- _EXERCISE_
The listing is to be repeated exactly, and its pictures are to be left out.

- _DATA EXTRACTS_
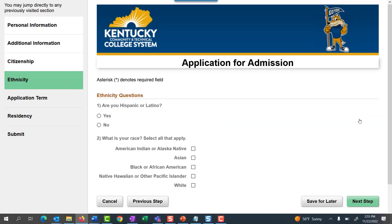Ethnicity is the next section of the application. Note that this is not a required page and you can select Next Step.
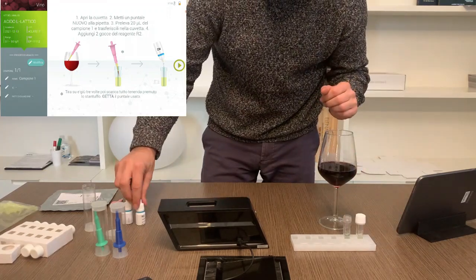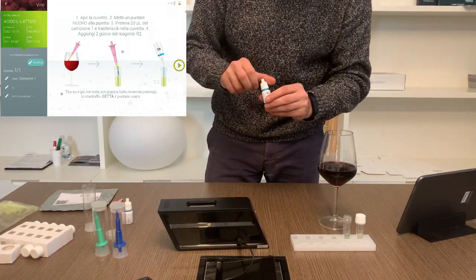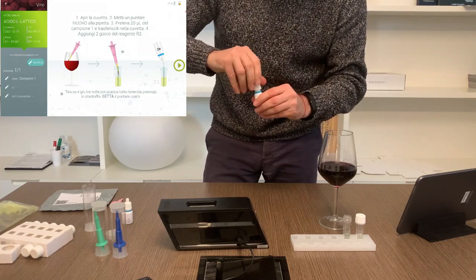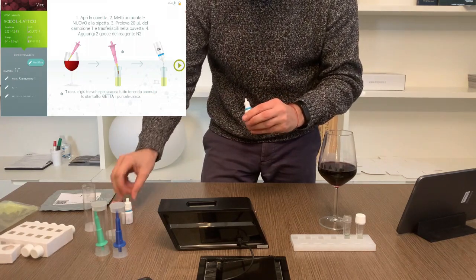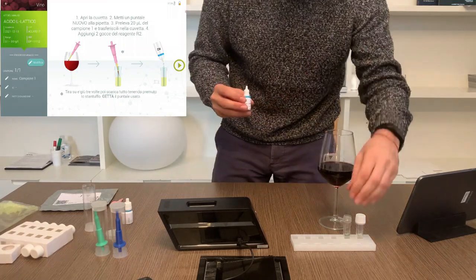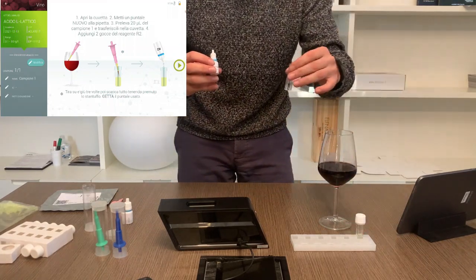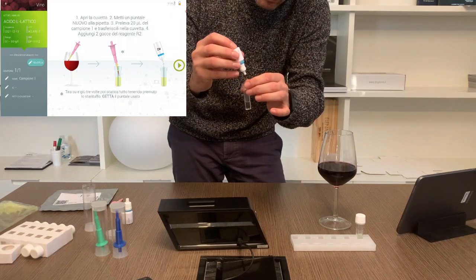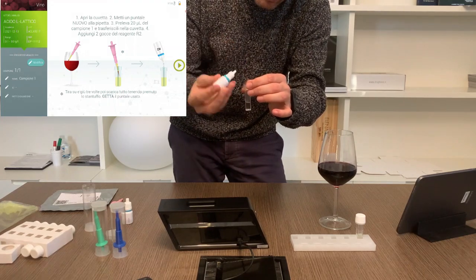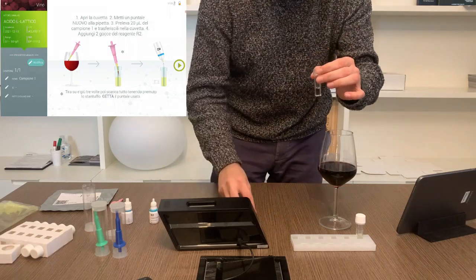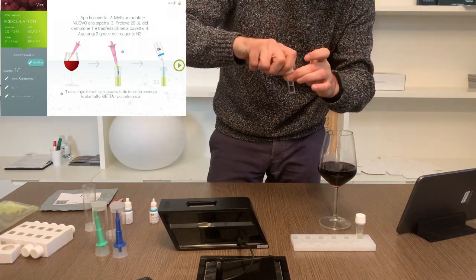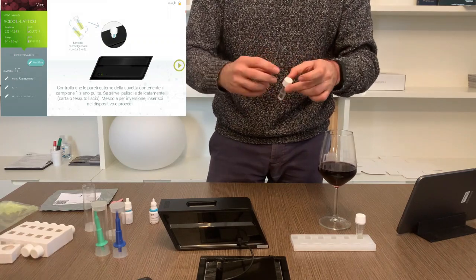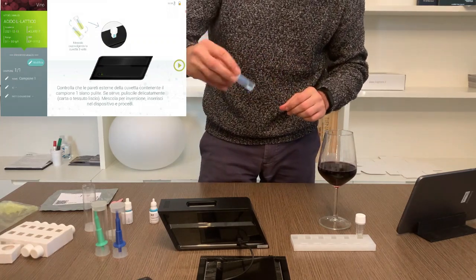For this analysis the app asks you to add two drops of R2 reagent. Take the dropper, turn it upside down so that it is perfectly vertical and with gentle pressure drip the number of drops required by the app. Continue with the screens, mix by inversion and insert the sample into the instrument with the smooth side facing the Smart Analysis logo on the inclined wall.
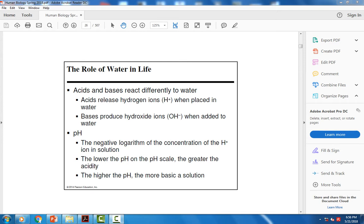Bases, on the other hand, release hydroxide ions in water. These are negatively charged and will bind up the excess hydrogen ions in solution, causing a change in pH. Hydrogen ions lower the pH, while hydroxide ions raise the pH.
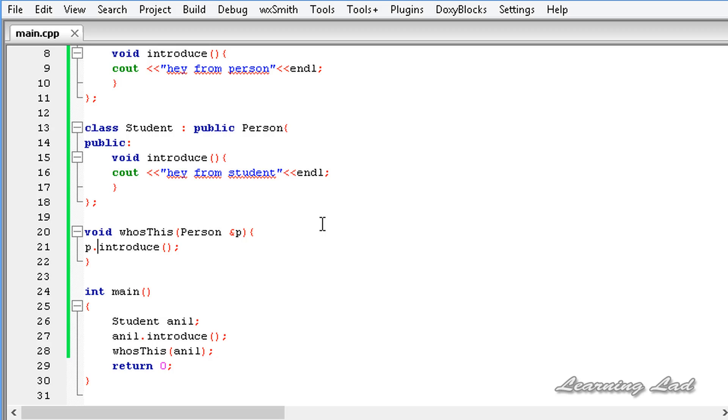This is how you can invoke the methods when you use inheritance with the base class type in C++. Thank you for watching, don't forget to subscribe, and I'll see you in the next tutorial.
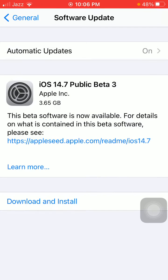You will get iOS 14.7 public beta 3, which is 3.65 GB. Now we have to tap on Download and Install to get this software on your iPhone. And that's it — hopefully friends, you found this video helpful.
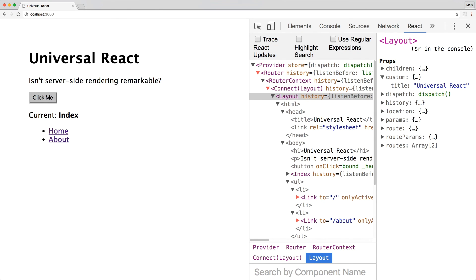Going forward, you can set up actions and reducers. And that's all it takes to set up Redux for universal rendering.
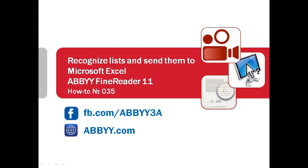You received a list in a graphic format and need it in Microsoft Excel? Convert it within two minutes using ABBYY FineReader 11.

- _WRITTEN REPLY_
Ethnicity is the next section of the application. Note that this is not a required page and you can select Next Step.
For this analysis the app asks you to add two drops of R2 reagent. Take the dropper, turn it upside down so that it is perfectly vertical and with gentle pressure drip the number of drops required by the app. Continue with the screens, mix by inversion and insert the sample into the instrument with the smooth side facing the Smart Analysis logo on the inclined wall.
Bases, on the other hand, release hydroxide ions in water. These are negatively charged and will bind up the excess hydrogen ions in solution, causing a change in pH. Hydrogen ions lower the pH, while hydroxide ions raise the pH.
This is how you can invoke the methods when you use inheritance with the base class type in C++. Thank you for watching, don't forget to subscribe, and I'll see you in the next tutorial.
You will get iOS 14.7 public beta 3, which is 3.65 GB. Now we have to tap on Download and Install to get this software on your iPhone. And that's it — hopefully friends, you found this video helpful.
Going forward, you can set up actions and reducers. And that's all it takes to set up Redux for universal rendering.
You received a list in a graphic format and need it in Microsoft Excel? Convert it within two minutes using ABBYY FineReader 11.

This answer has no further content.